On July 30, 2019, the Bombay High Court called P. Chidambaram, the Union's former Treasury Secretary, and two other bureaucrats, KP, together Krishnan and Ramesh Abhishek over crore damage lawsuits of 10,000 filed by 63 Monde Technologies Rupees and their role in the NSEL default crisis. The Bombay Supreme Court accepted the request and allowed 63 Moons to sue Chidambaram and the others.
Following the vision of the then Prime Minister to create a nationwide single market for manufactured and agricultural products, NSEL (National Spot Exchange Limited) was conceived in 2004. According to the government's economic surveys from 2003-2006, three consecutive survey years were also recommended building an integrated market for agricultural products at the national level, as well as the planning commission, which was aware of the advantages of the spot markets. This was followed by the Rangarajan Committee, which was also looking for a national spot market.
At the invitation of the Ministry of Consumer Affairs (MCA), the Multi Commodities Exchange Ltd. (MCX), which was formerly a sister company of NSEL, submitted a project report to create a nationwide spot market for raw materials. NSEL was incorporated on May 18, 2005 as a company under the Companies Act of 1956, with its registered office in the state of Maharashtra. NSEL was founded by MCX and the nominees of FTIL.
In light of regulatory concerns among regulated commodity exchanges that hold stakes in cash exchanges, MCX and Nominees' interests were transferred and consolidated later in 2005 with FTIL. On June 5, 2007, NSEL was approved as a Spot Exchange by the Department of Consumer Affairs (DCA). National Spot Exchange Limited (NSEL) began live trading on October 15, 2008 and was the country's first commodity spot exchange. Within a few years, up to six state governments granted licenses to NSEL based on the model law of the Agricultural Produce Market Committees (APMC), because their own APMCs changed the poor farmers mostly at short notice. NSEL turned out to be a boon to such farmers as they could now sell their products at competitive prices and make better profits.

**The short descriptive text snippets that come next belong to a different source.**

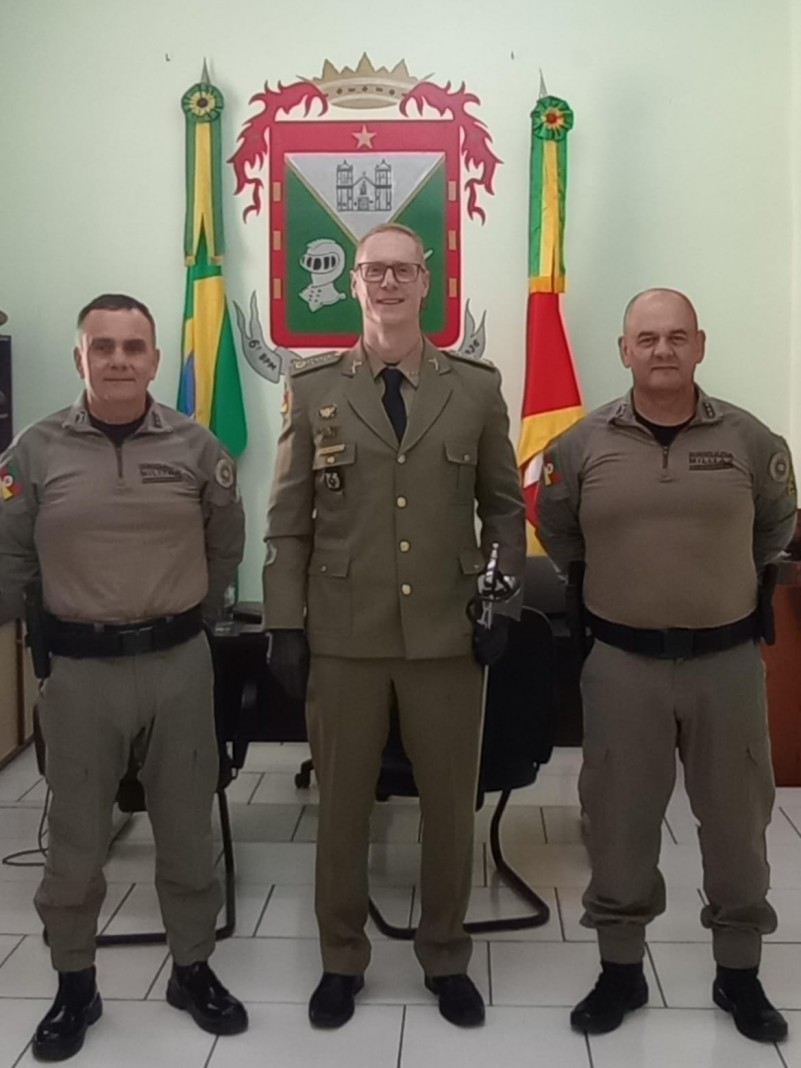 CRPO Sul Recebe Novo Oficial Brigada Militar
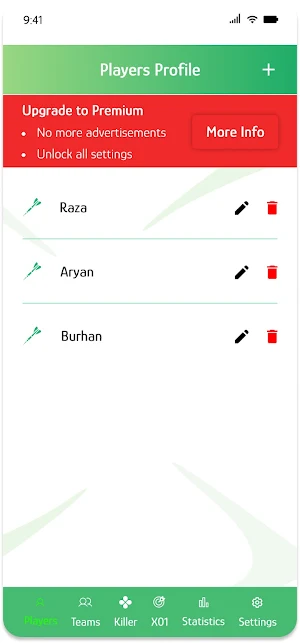 Dart Counter Screenshot 1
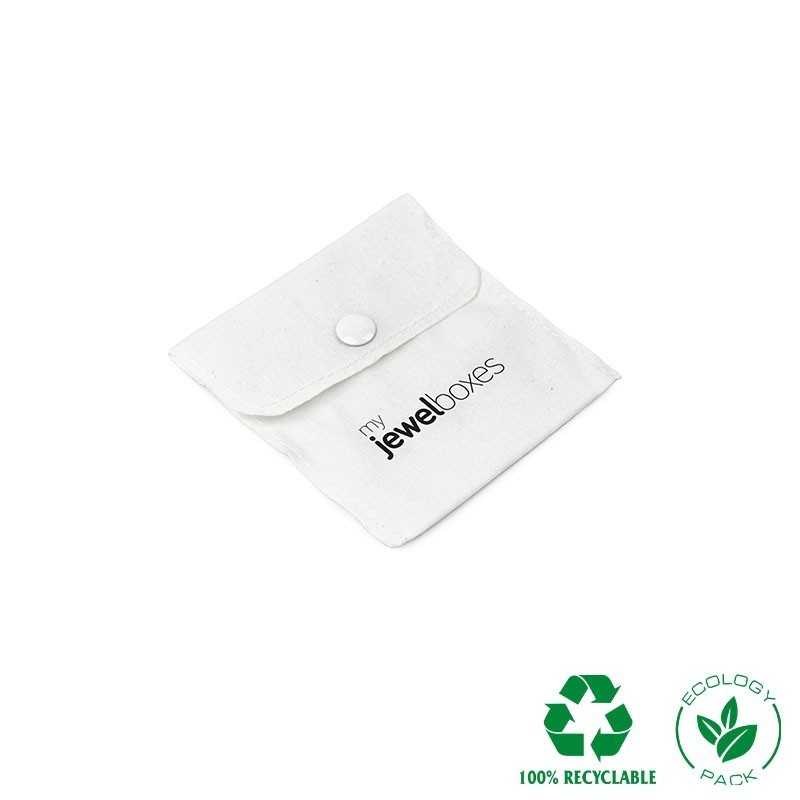 Sacchetto in cotone bianco 79×79 mm BAL22B | MyJewelBoxes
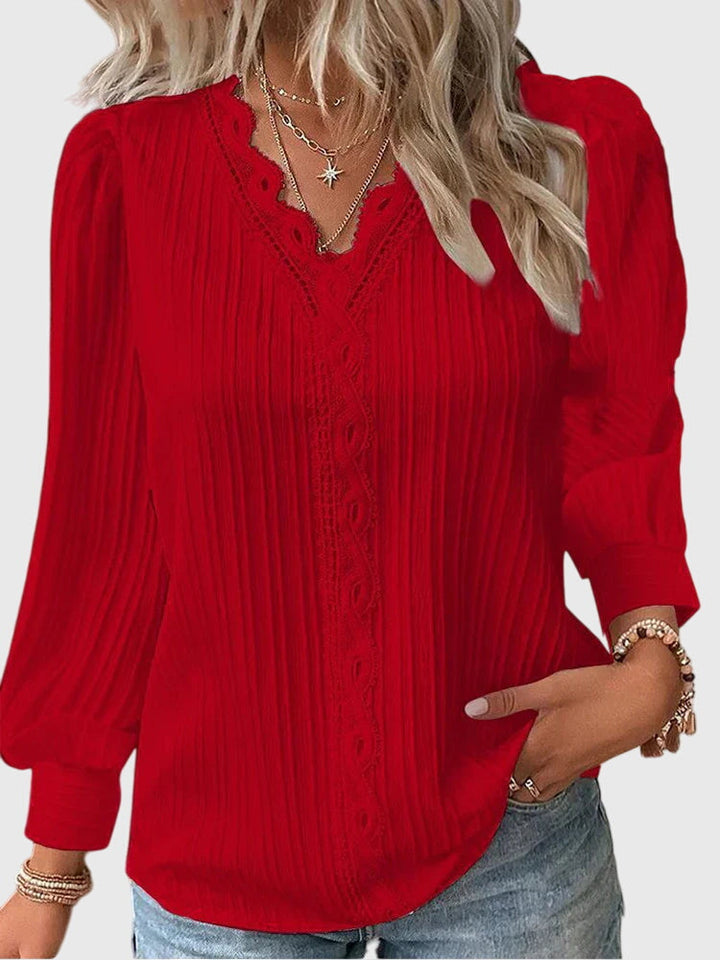 Jean – Elegant Long Sleeve Summer Blouse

The exchange was sponsored by the National Agricultural Cooperative Marketing Federation of India (NAFED). In August 2011, FMC was named “Designated Agency” to fill the regulatory vacuum on the commodities market. A series of bizarre actions by the FMC frightened the market and as a result, NSEL had to cease trading in all contracts on July 31, 2013.
EOW Mumbai Police Action
The Mumbai Police Department's EOW (Economic Offenses) Wing is currently investigating this crisis and the Mumbai Police Department has carried out various raids. On October 9, 2013, Amit Mukherjee, Vice President (Business Development) of NSEL, was arrested by EOW police in Mumbai, the first arrest in the payments crisis. A day later, on October 10, 2013, the Mumbai Police Department EOW arrested Jai Bahukhandi, former NSEL deputy vice-president. Former CEO and General Manager, Mr. Anjani Sinha, was arrested a week later, on October 17, 2013. The EOW has since enacted the MPID (Maharashtra Protection of Investors Deposit) Act, according to which it sells property and assets of the accused for the interests of investors. Mr. Nilesh Patel of NK Proteins Ltd., NSEL's largest borrower, was arrested on October 22, 2013 and subsequently released on bail. Mr. Surinder Gupta of PD Agroprocessors was arrested by EOW on March 5, 2014.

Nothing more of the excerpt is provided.